What you give back from the listing below should be an exact copy of the lines from the one with "Fitmin For Life" down to the one with "Kargo Konteyneri1", and it should contain no pictures.

**Recorded information**
++++
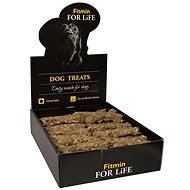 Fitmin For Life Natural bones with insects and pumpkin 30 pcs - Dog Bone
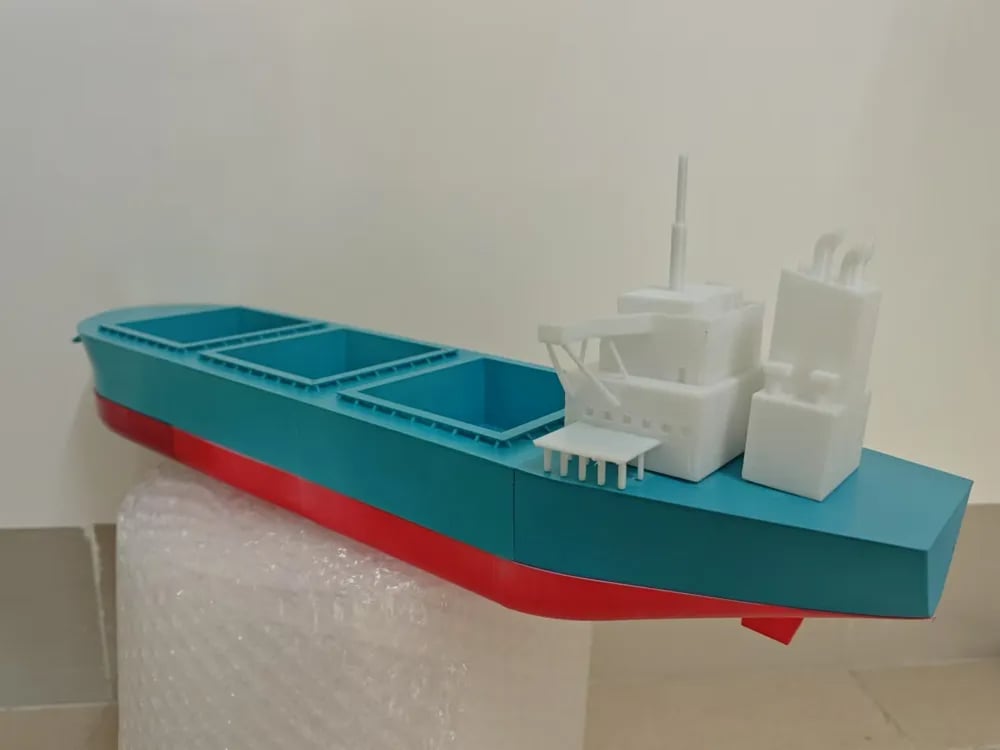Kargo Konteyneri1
++++
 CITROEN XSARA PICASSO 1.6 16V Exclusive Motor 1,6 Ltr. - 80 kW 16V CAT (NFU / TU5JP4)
++++
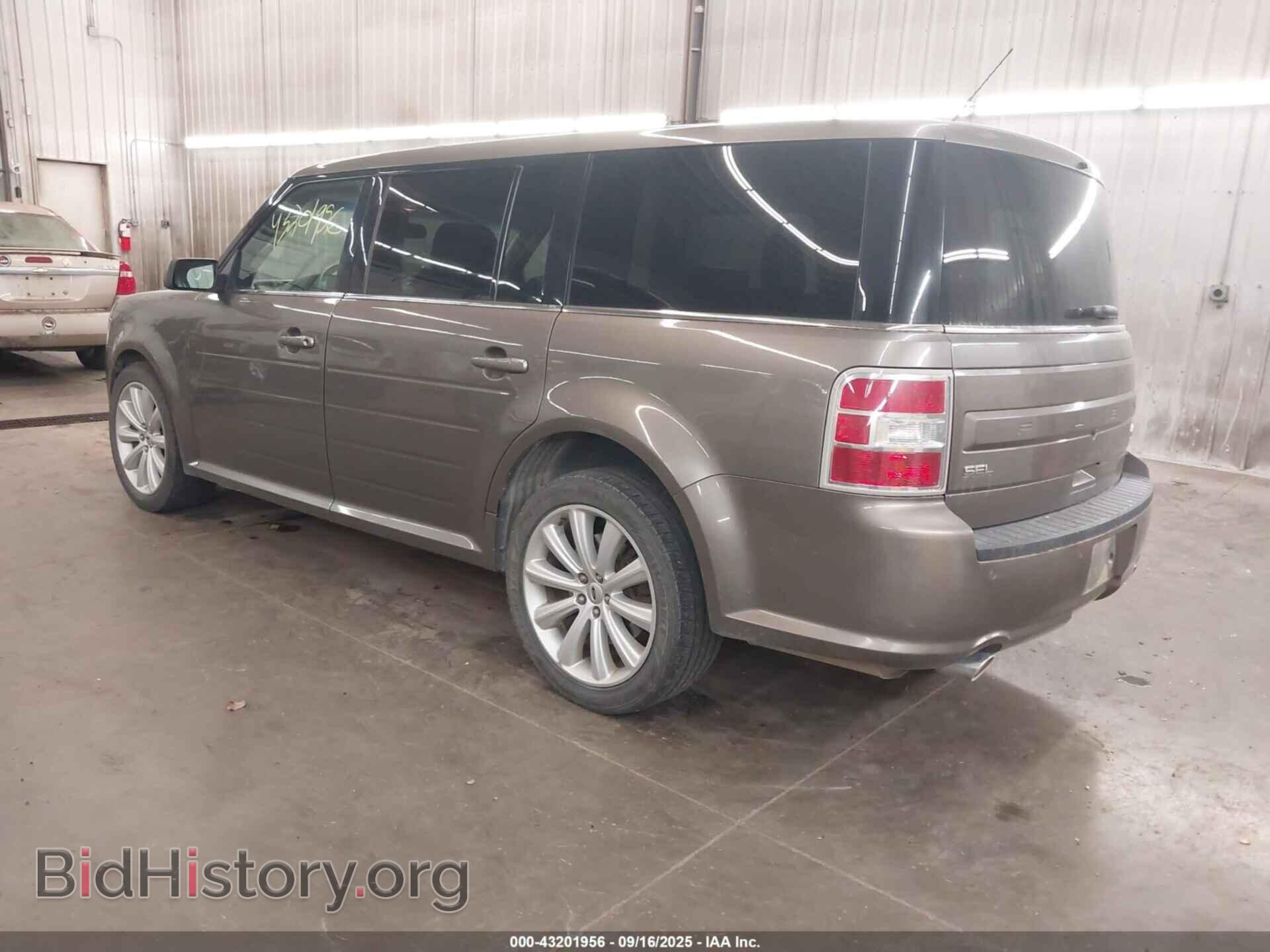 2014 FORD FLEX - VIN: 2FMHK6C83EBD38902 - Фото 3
++++
**Task response**
 Fitmin For Life Natural bones with insects and pumpkin 30 pcs - Dog Bone
Kargo Konteyneri1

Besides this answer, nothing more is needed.